If you have specific questions, please contact Research Compliance to discuss your individual situation.
Grant Review and Thesis Advising
In general, you can engage in the grant and proposal review processes, serve as a thesis advisor, and serve as a thesis referee, even for foreign institutions or international colleagues. Follow guidance around reporting, disclosures, and screening:
- Report any compensation you have received or substantial time you have committed as part of the outside professional activity (OPA) disclosure process.
- Disclose activities in connection with applications for federal funding, in accordance with agency-specific guidance.
- Report compensation greater than $5,000 as part of the financial conflict of interest disclosure process if you apply for external funding through MIT.
- Follow VPR guidance on assessing and mitigating risks.
- If engaging with a foreign university or organization, contact MIT Export Control to screen the organization against U.S. sanctions lists and learn about export control risks.
- If engaging with a university or organization in China, Russia, North Korea or Iran, contact Research Compliance to screen for foreign talent programs.
Students and International Collaborations
MIT’s sponsored research and collaborations regularly involve support for student researchers, and students may be involved in international collaborations.
Sharing Results
Research results that are ordinarily published and shared broadly are considered the results of fundamental research and may be shared throughout the world. All on‐campus research conducted by MIT is structured as fundamental research.
However, even if created or used in the course of fundamental research, physical items (e.g. a prototype, compound, physical model, or certain encryption software) are subject to U.S. export control restrictions. If you intend to ship physical items or transmit encryption software internationally, please contact MIT Export Control.
Letters of Recommendation
You may write letters of recommendation for students and colleagues, even to foreign universities or employers and regardless of whether the request comes from the individual or the university or employer.

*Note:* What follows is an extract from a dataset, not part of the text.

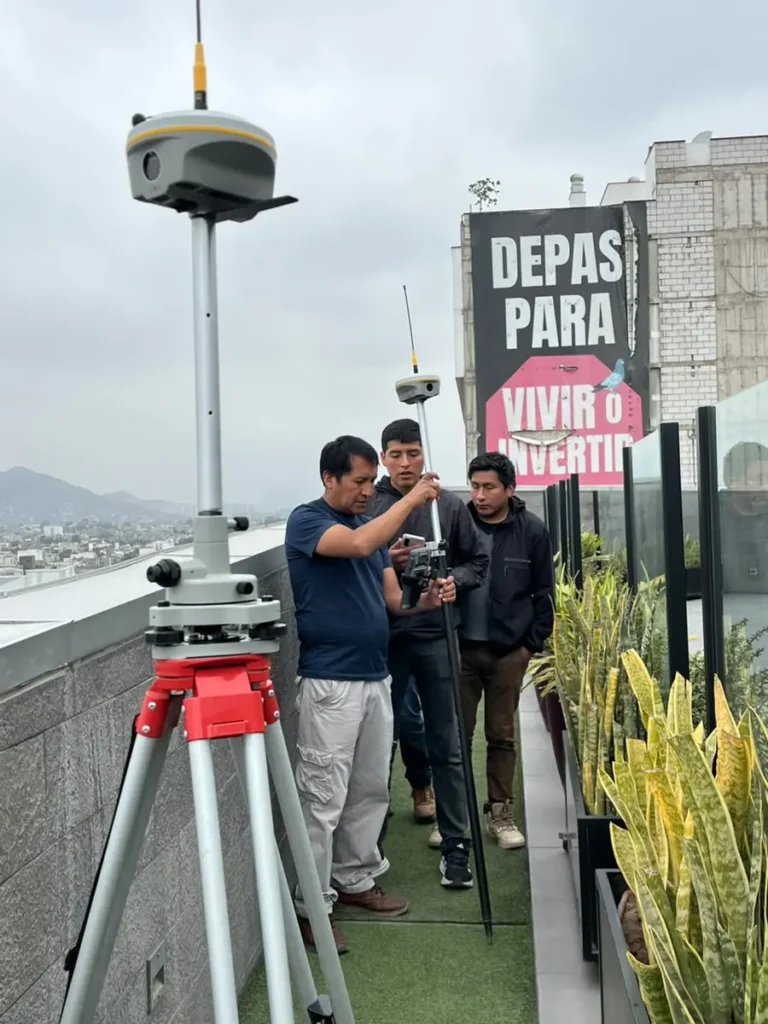 Capacitación GNSS en Lima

If you are providing these types of recommendations in the ordinary course of academic practice at the request of students or colleagues with whom you have worked — and not in exchange for compensation, for other benefit, or as part of a formal engagement you may have individually entered into with a foreign government or institution — then we are not aware of any federal grant disclosure requirements for that activity at this time.
Follow VPR guidance on assessing and mitigating risks. If you have specific questions, please contact Research Compliance to discuss your individual situation, especially if:
- you are conducting talent recruitment for a foreign government or institution
- you have been asked to write letters of recommendation in exchange for compensation.